Probolinggo – Baru dua minggu menjabat sebagai Bupati Probolinggo, dr. Mohammad Haris sudah harus menghadapi “tagihan” dari warganya. Bukan soal administrasi atau birokrasi rumit—tapi soal jalan rusak yang masih menganga di banyak titik wilayah kabupaten.
Dengan gaya santai namun penuh makna, pria yang akrab disapa Gus Haris itu menyambut keluhan tersebut dengan kepala dingin. “Baru dua minggu ngantor, sudah ada tagihan dari masyarakat soal jalan rusak,” ujarnya sambil tersenyum di hadapan jamaah yang hadir dalam acara peringatan Nuzulul Quran yang digelar di Alun-alun Kraksaan, Sabtu (22/3/2025).

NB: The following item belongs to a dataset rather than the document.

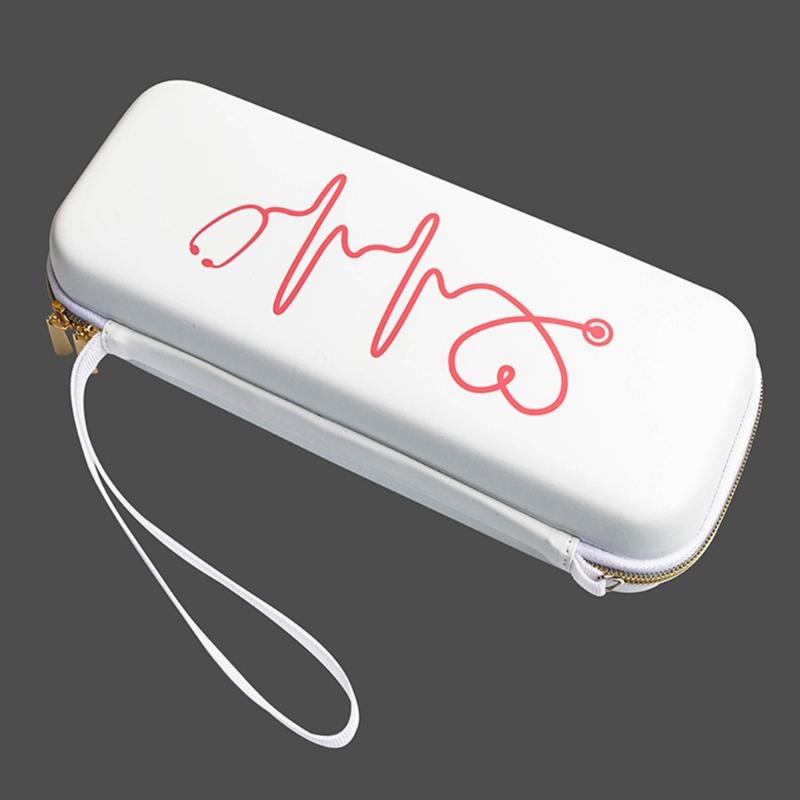 Shockproof EVA Medicals Equipment Organizers Case Suitable For Stethoscope Doctors Accessories With Soft Interior Lining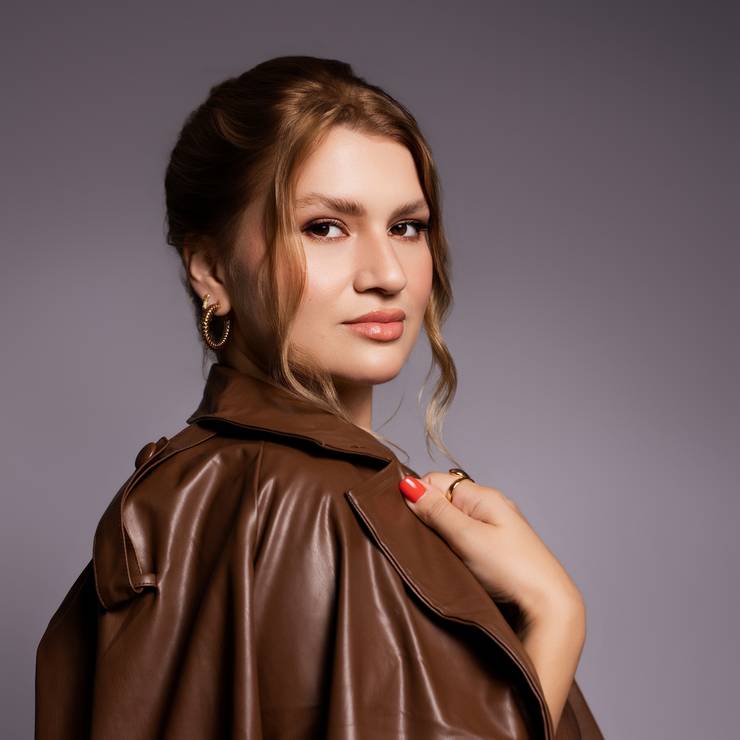 Corporativo de Bianca Hoss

Haris tak menampik masalah itu, bahkan mengakui pentingnya infrastruktur jalan dalam menunjang aktivitas masyarakat. Ia berjanji, perbaikan jalan akan menjadi prioritas—meski pelaksanaannya harus bertahap.
“Mohon warga Kabupaten Probolinggo bersabar. InsyaAllah dalam 4 sampai 5 tahun ke depan, jalan-jalan di Probolinggo akan jadi bagus dan mantap,” tegasnya.
Namun, janji itu bukan tanpa tantangan. Gus Haris mewarisi persoalan klasik yang rumit: keterbatasan anggaran. Kondisi keuangan daerah belum cukup fleksibel, sementara pemerintah pusat menerapkan efisiensi dan pembatasan dalam penggunaan dana.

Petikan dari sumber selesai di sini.